Council plans to cut Sure Start
The future of Sure Start – the government initiative which aims to support families with young children – is under threat following proposals by council officials to close all council run nurseries and day care services in Manchester.
If approved, the councils plan would end local authority funding for day care in children’s centres and nurseries across Manchester; resulting in the loss of almost 400 jobs. The news comes just moths after cuts to the council’s funding left 1,600 council workers unemployed.
Initial plans to outsource day care to private and independent providers have been dismissed on the grounds that it would not be “commercially viable.”
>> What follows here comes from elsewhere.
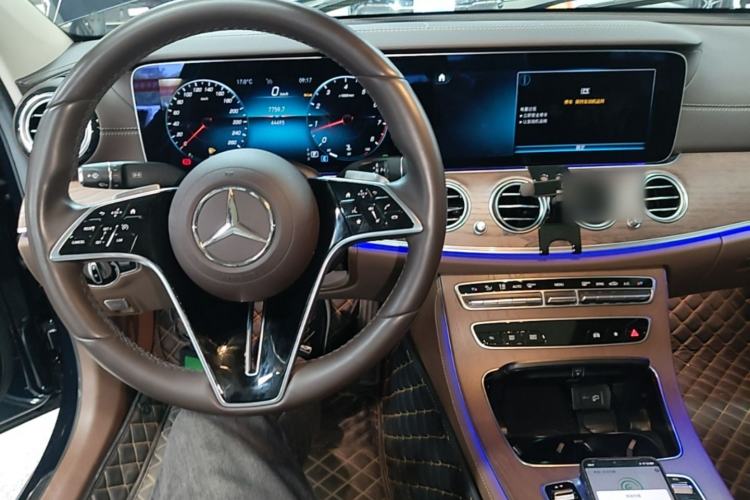 Used Mercedes-Benz E-Class 2023 E 300 L Luxury Model Center Console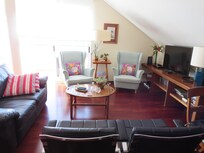 Comfortable and spacious living room.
Other proposals include increased funding for early intervention and plans for every family with a newborn baby to be visited by an outreach worker coordinated with the NHS, in order to assess the needs of families deemed to be the most vulnerable which would save the council money in the long run.
“We believe our early years proposals will enable us to use our reduced resources to the best effect, supporting those most in need to give them the best start in life. And we believe the emphasis on outreach will help us and our health sector partners to identify those most in need, and start helping them and their parents,” said councillor Afzal Khan executive member for children’s services.
The council intends to reassign 60 positions to its new outreach programme. Children’s services director Mike Livingstone insisted that there would be “no compulsory redundancies” as a result of the proposals.
The plans have been criticised by members of the Save Sure Start campaign for lacking transparency: “We want an urgent meeting with Livingstone and Bernstein to clarify points in these plans which are not clear and are ambiguous,” said Joanne McCann, one of the leaders of the campaign.
Ms McCann’s comments were echoed by Liberal Democrat councillor Marc Ramsbottom, who went on to argue that the council’s plans could force mothers on low incomes to leave employment and become full time child carers. “In focusing on outreach some working parents might slip through the net,” he said.